Information from Debt.com also suggested paying off credit card debt during a recession. Consumers should aim to maintain zero balances from month to month. Particularly during a recession, excess credit card debt and the interest it accrues can make finances much more stressful in the event of a job loss.
Those with credit card debt can explore debt reduction and relief options, such as a credit card balance transfer, a debt management program, or an unsecured personal debt consolidation loan.
If your credit cards are paid off, work towards reducing or paying off your student loan debt.
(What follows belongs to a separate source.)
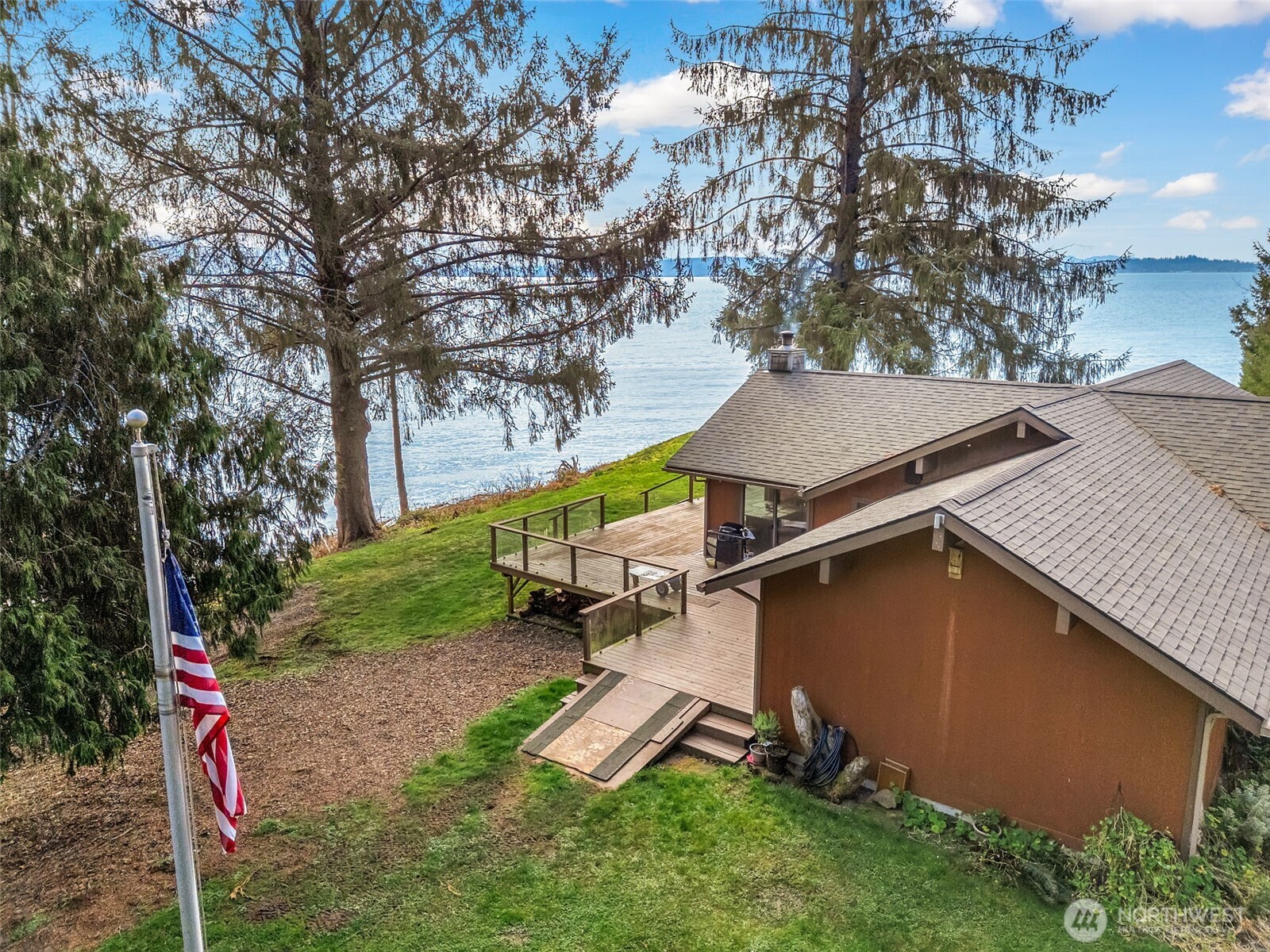 556 State Route 401 , Naselle, WA 98638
Refinancing your student loans or enrolling in a federal student loan repayment plan may help you pay them off, according to Debt.com.
A period of recession is also time to trim the fat from the budget. A June 2020 article on the Bankrate website, a consumer financial services company, recommended looking through your budget and choosing which unnecessary purchases you can reduce or eliminate. Start by canceling subscription services or cutting back on takeout.
Those with investments or retirement accounts should also remember to keep things in perspective during a recession and to take a long-term approach to their financial plan. Although a turbulent or bear market can be intimidating, a recession can be a great time to purchase investments. People who are close to retirement age should consider having a few years of withdrawals available in cash.
While people should not dramatically change their investment or retirement plans solely because of a recession, this can be a good time to identify your risk tolerance. You can work with a financial advisor or utilize online resources to determine how much risk you are willing or can tolerate in your investments.
Pursuing further educational opportunities and career training can also help guard against job loss in a recession. According to the Bankrate article, the unemployment rate for those with a bachelor’s degree is much lower than those who have a high school education or less during a recession.
Regardless of whether it’s a bull or bear market, many experts advise preparing your finances as best you can for a financial emergency; whether that’s an unexpected medical expense, a job loss, or a recession.